Thursday, January 8, 2015

Boxer's Retirement

Senator Barbara Boxer (D-CA) has announced that she will not run for reelection.

In the Democratic race, Lieutenant Governor Gavin Newsom and Attorney General Kamala Harris have the advantage of statewide name recognition.  They may end up with a tacit understanding that one will run for Senate in 2016 and the other will run for governor in 2018, but the hard part will be deciding who runs for which office.  Some Democratic House members may be also be looking at the race.  It seems likely that the GOP will hold the majority in the House for a few more years at least, whereas Democrats have a reasonably good chance of regaining the Senate next year.  (Ed Markey of Massachusetts, who was among the most senior House Democrats, gladly ran for the chance to be the least senior member of the Senate Democratic majority.)

It would be really hard for a Republican to win a Senate seat in California.  No Republican has done so since Pete Wilson in 1988.  Republicans can sometimes win blue-state governorships (Illinois, Maryland, and Massachusetts in 2014, for instance), but a senatorial election is a different kind of vote.  National issues and party identification play a bigger role in Senate elections:  only 15 senators come from statesthat went for the opposite party in the 2012 presidential election. In California, party registration and party identification are deep blue.  And since 2016 will be a presidential election year, we can expect Democratic turnout to be reasonably high in California.

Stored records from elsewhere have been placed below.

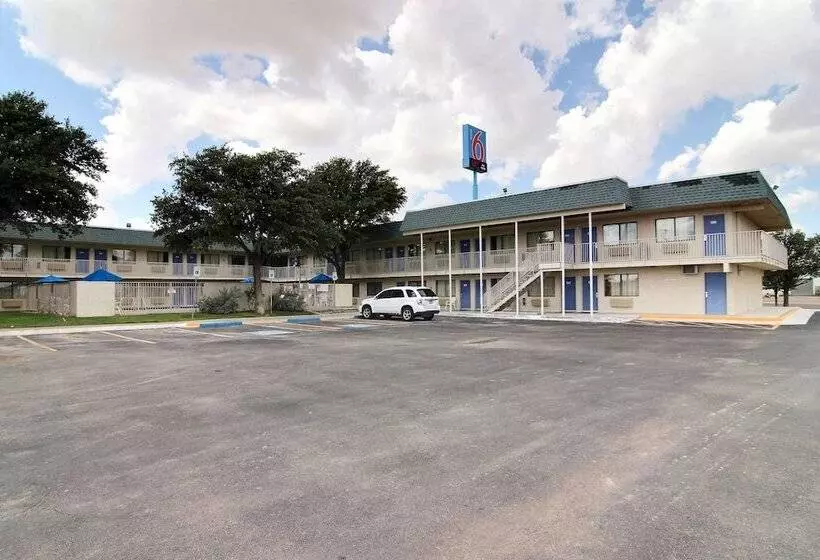 Motel 6fort Stockton, Tx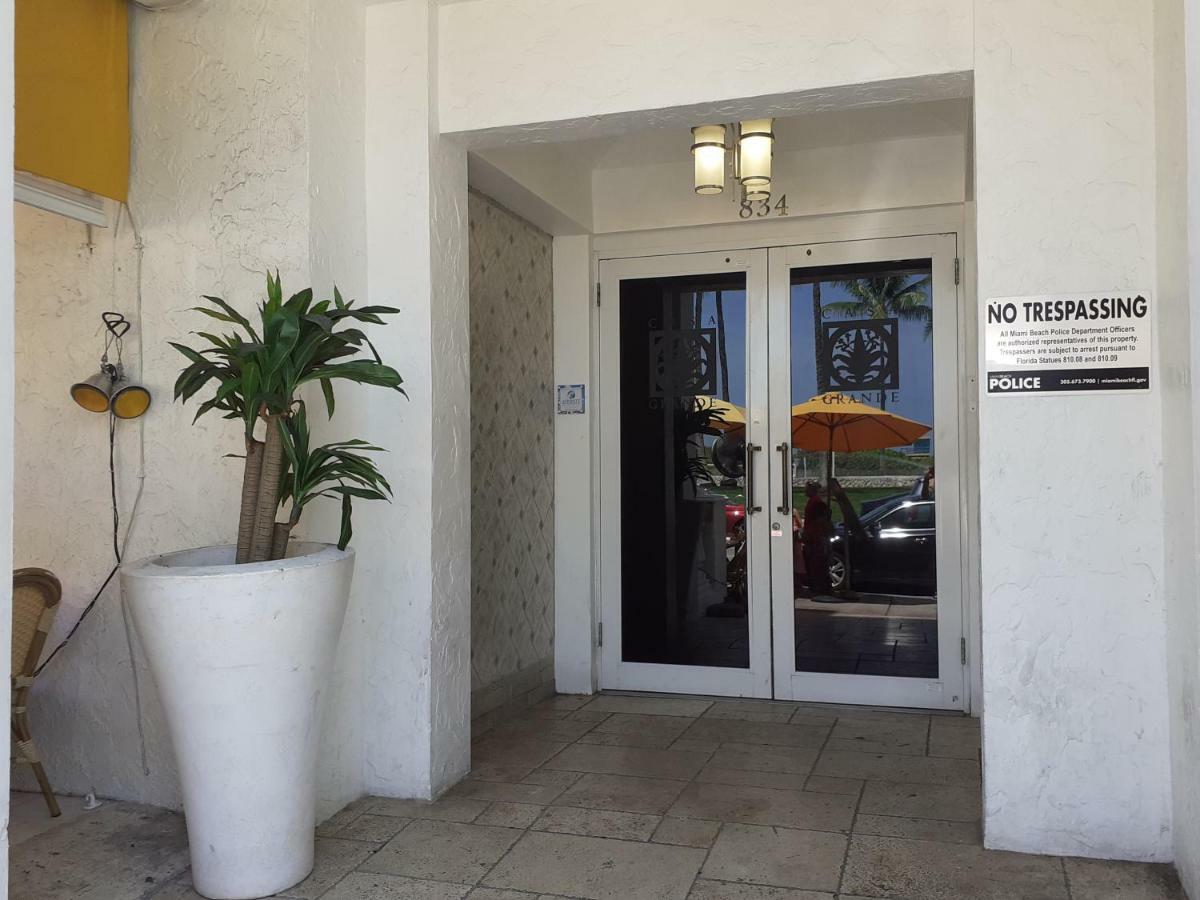 מיאמי ביץ' Casa Grande Apartments 207 מראה חיצוני תמונה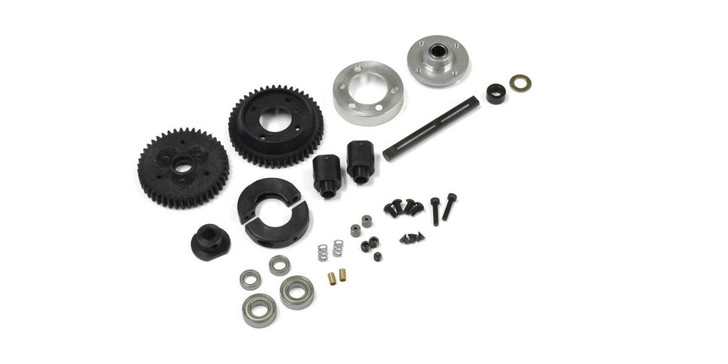 Kyosho IGW008B-05 2-Speed Trans Mission Unit(Shoe Type/GT)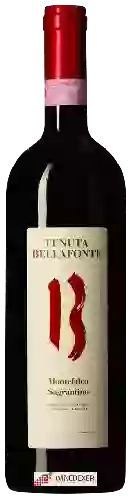 Wijnmakerij Tenuta Bellafonte - Montefalco Sagrantino
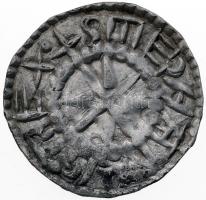 997-1038. Denar Ag "I. István" (0.72g) T:2
Hungary 997-1038. Denar Ag "Stephan I&quot...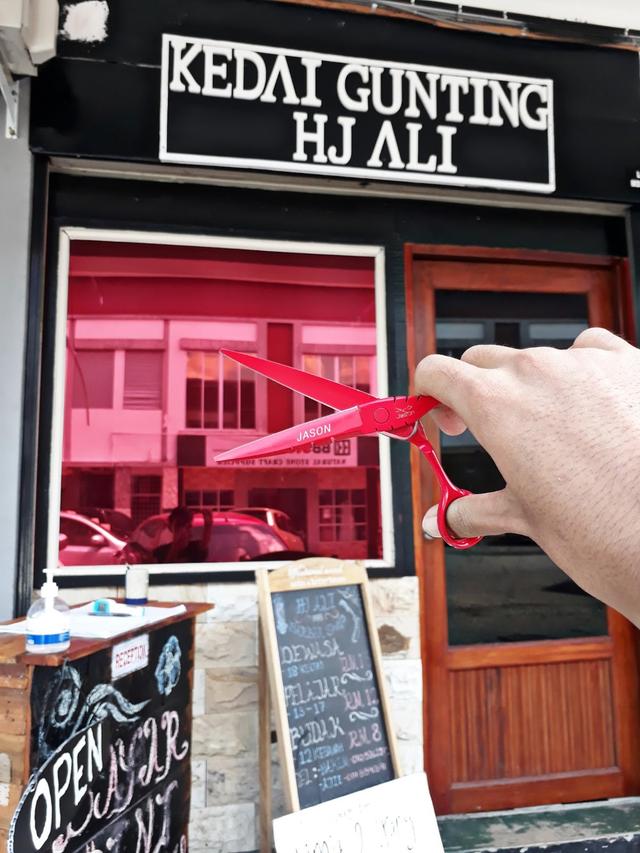 Photo of Kedai Gunting Hj Ali - Lahad Datu, Sabah, Malaysia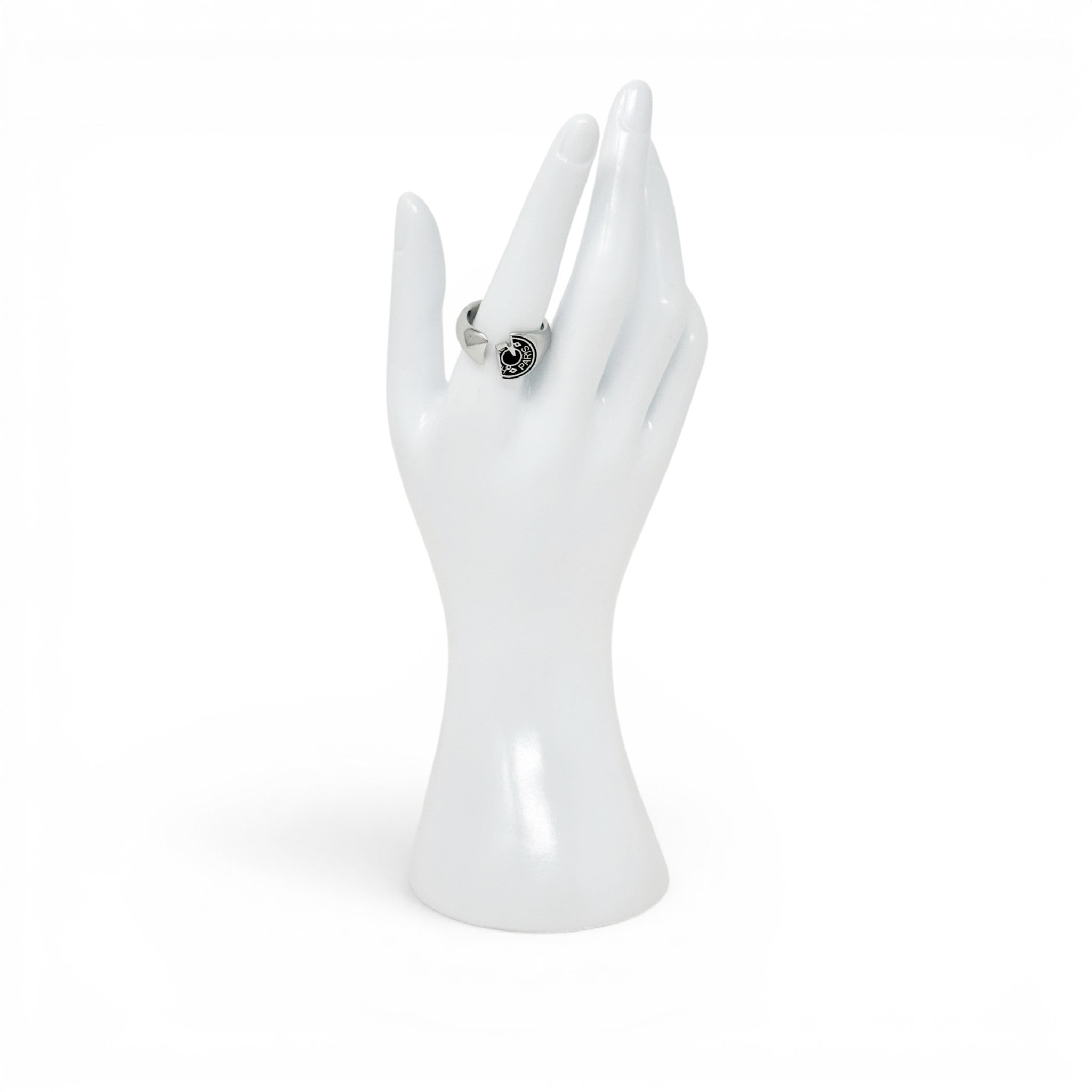 Hermes Noir Carrousel Ring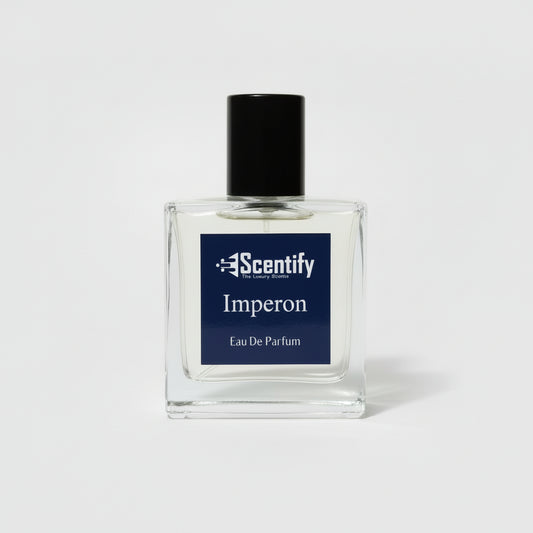 imperon Perfume inspired By Ruler By J. 60ml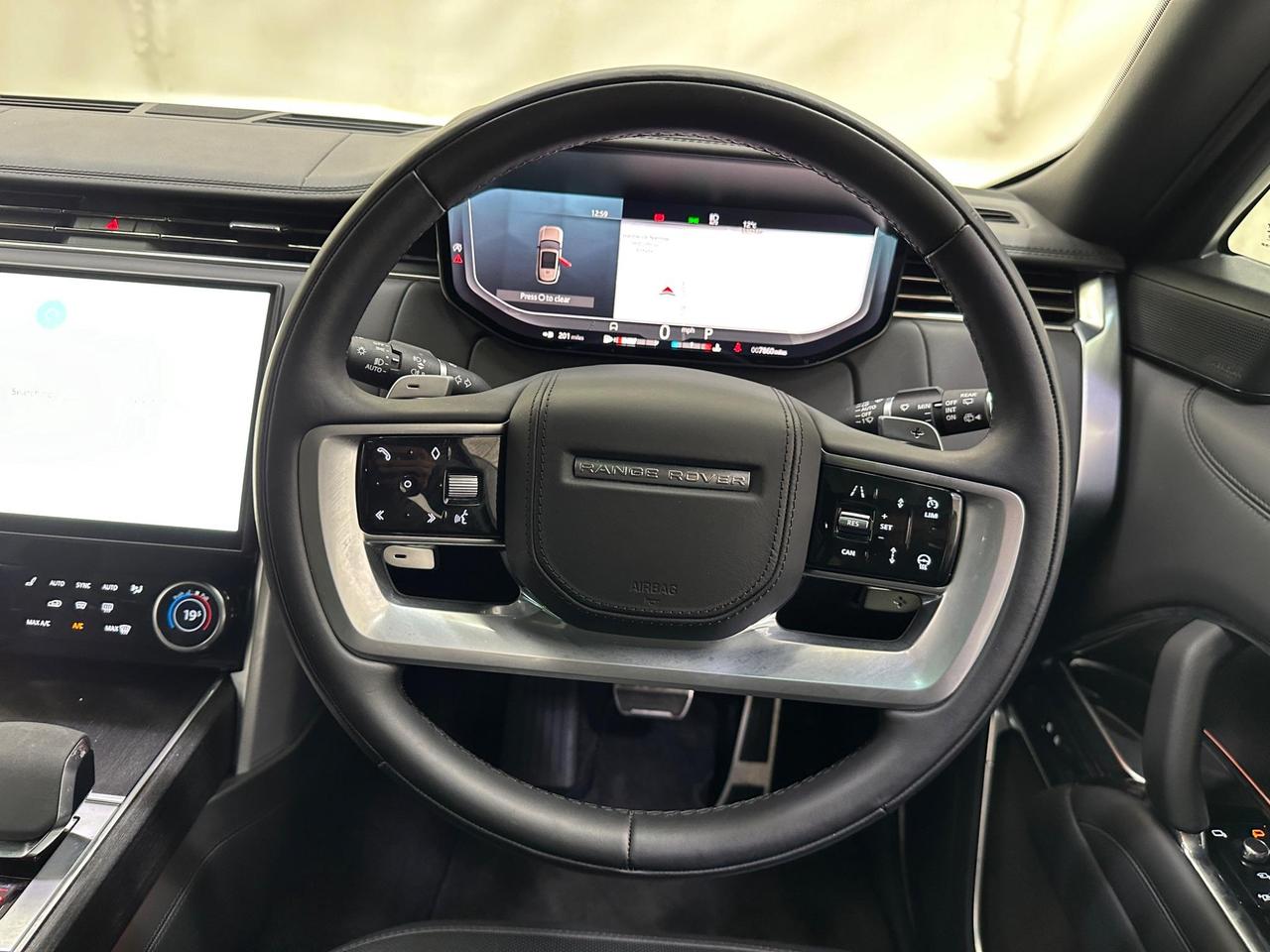 Land Rover Range Rover YE73JZF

Republicans have a weak bench in California.  They hold no statewide offices.  No Republican House member from California has statewide name recognition.  Even House majority leader Kevin McCarthy is a familiar name only among political junkies.  If Californians have heard the name at all, they’ll think of the actor who starred in Invasion of the Body Snatchers.

There are a couple of significant GOP mayors, Kevin Faulconer of San Diego and Ashley Swearengin of Fresno, but they are little-known statewide. (Swearengin ran for controller in 2014, and lost.)

Running in California requires lots of money.  Rep.Darrell Issa is very wealthy, and may wish to move up now that term limits have forced him to give up the chair of the House Oversight Committee.  But he is probably too conservative to win statewide, and ethics issues would dog him in a statewide campaign.  There may be other rich Republicans out there, but memories of Meg Whitman may deter them.  In the 2010 gubernatorial race, she spent lavishly from her eBay fortune, but still lost badly to Jerry Brown.


With some financial backing, a moderate-to-liberal Republican might have an outside chance.  Schwarzenegger designed the top-two primary to encourage the nomination of such candidates, but evidence for its effectiveness is mixed.  Anyway, it is hard to identify who the moderate-to-liberal Republican would be.  Tom Campbell ran against Feinstein in 2000 and lost by nearly 20 points.  Neel Kashkari had to spend a large share of his personal funds to run for governor in 2014, and it is unlikely that he could afford to run statewide so soon.